Essai de mise à jour de l’articulation intercatégorielle

Dire que le Coran déborde une application à des temps ou des lieux particuliers, c’est prendre au sérieux un principe islamique incontesté, à savoir que son texte offre des enseignements valables pour tous les temps et pour tous les lieux. C’est, corollairement, s’affranchir des lisières médiocres que trop d’exégètes imposent à leurs explications et qui les fait souvent reculer devant la hardiesse de tel ou tel novateur : n’ont-ils pas été, à l’occasion, jusqu’à déclarer abrogé tel verset coupable d’échapper à leurs prises ou de contrarier leurs habitudes ? Renvoyons sur ce point au commentaire que Râzî donne du mot munfakkîna au début de xcviii, la Preuve. « Le verset le plus difficile, dit-il, qu’il y ait dans le Coran ». À regarder plus attentivement, le verset n’est obscur que si l’on s’attache à une conception fixiste de la vérité. Un fixisme qu’il ne faut pas confondre avec la fidélité. Les diverses jonctions catégorielles qu’on a signalées plus haut procèdent toutes, aux yeux des croyants, d’un axiome dont l’Islam s’est fait un dogme central : à savoir que Dieu s’est révélé dans le temps et selon les situations de l’homme. Or ces situations avaient pour plus grand commun diviseur le changement. Elles l’ont toujours. C’est ainsi que l’histoire des peuples anciens aura déployé un syllogisme du message, de l’ingratitude et de la catastrophe. La révélation s’offre en leçon ultime, propre à restaurer les attaches entre le mystère et l’humain dans la perspective de la fin du monde.

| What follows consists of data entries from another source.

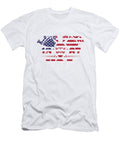 2 Patriotic USA Lacrosse Flag 1967 Kanig Designs T-Shirt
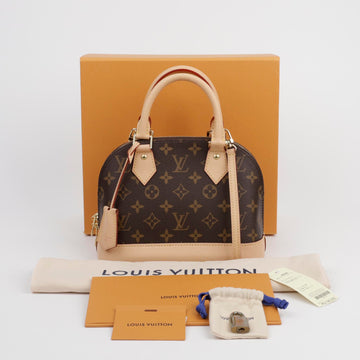 Louis Vuitton Alma BB Tote Shoulder Bag M53152 156276699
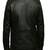 Men's black lambskin leather jacket- straight zipper style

Qu’est-ce à dire, sinon que l’histoire, qui n’est plus simplement celle de l’homme mais, ne l’oublions pas, celle de la terre et de l’univers, se dispose ainsi dans un ordre actif, en vue d’une finalité ? Ajoutons que le terme de atwâr, « phases, stades », fait alors son entrée dans le discours arabe (lxxi, Noé, 14). De même l’idée d’une durée (maçîr), qui marque des pauses, se précipite ou s’étire. Et encore cette vue qu’on pourrait dire évolutionniste, qui résonne dans les aphorismes tels que celui-ci : « Toute communauté aura son terme» (X, Jonas, 49). Et la doctrine va plus outre : «À chaque stade un Écrit » (xiii, le Tonnerre, 38), puisque Dieu efface, remplace et confirme à Son gré les révélations, je veux dire ces transcriptions successives et partielles de l’archétype, lequel demeure à jamais dans Son sein (ibid. 39). Mais quoi, peut-on aller plus loin, et pousser le relativisme historisant jusqu’à renverser les termes du centon coranique et dire : « Pour tout Écrit, un terme ! » (li-kulli kitâbin ajal) ? Horresco referens, quel esprit audacieux a-t-il osé ce jeu de mots attentatoire ? Ne cherchons pas : c’est le calife Abû Bakr[62]. Ces variations dans l’espace et la durée obéissent ainsi à une loi fondamentale, et cette loi, qui manifeste l’intervention de l’éternel dans la diversité et la mobilité du monde, régit également l’expression et l’application des règles édictées par l’Islam. Cette expression, répétons-le, se donne souvent comme occasionnée par un événement de la vie, un fait individuel ou collectif. La règle générale dégagée par

projection d’un tel binôme, son transport à un nouveau fait individuel ou collectif va demander une « spécification » (takhçîç). À défaut, pour le terme d’arrivée, de reproduire approximativement le terme de départ, le juge se contente d’une analogie. L’ensemble du processus prendra le nom de qiyâs. Ce n’est pas sans raison que ce mode de raisonnement aura essuyé les critiques de nombreux penseurs de l’Islam. J’observerai, pour ma part, qu’il concentre indûment l’attention de l’opérateur sur le contexte factuel initial. Au lieu de projeter la règle, délivrée de ces pesanteurs et formulée résolument en termes de généralité, sur des situations indéfiniment nouvelles, comme celles qu’offre la vie du monde, on s’attache à une idéale reproduction du précédent. Or c’est là méconnaître la façon dont le Coran combine le principe et la conjoncture dans l’énoncé des normes. Car cette combinaison n’est autre que celle qui, dans le tissu du texte, recroise deux séries de coordonnées, l’une ressortissant à l’expression de l’absolu, l’autre à celle de la circonstance. Que le Coran combine ainsi la transcendance et la temporalité se manifeste donc et par la composition du texte, et par la façon dont il articule l’énoncé de la norme à des situations particulières. La règle d’or des applications devrait donc consister non dans une répétition analogique des deux termes, mais à faire revivre, au prix des transpositions nécessaires, le principe qui les articule, en en tirant des propositions ajustées à la variété des milieux et à la succession des époques.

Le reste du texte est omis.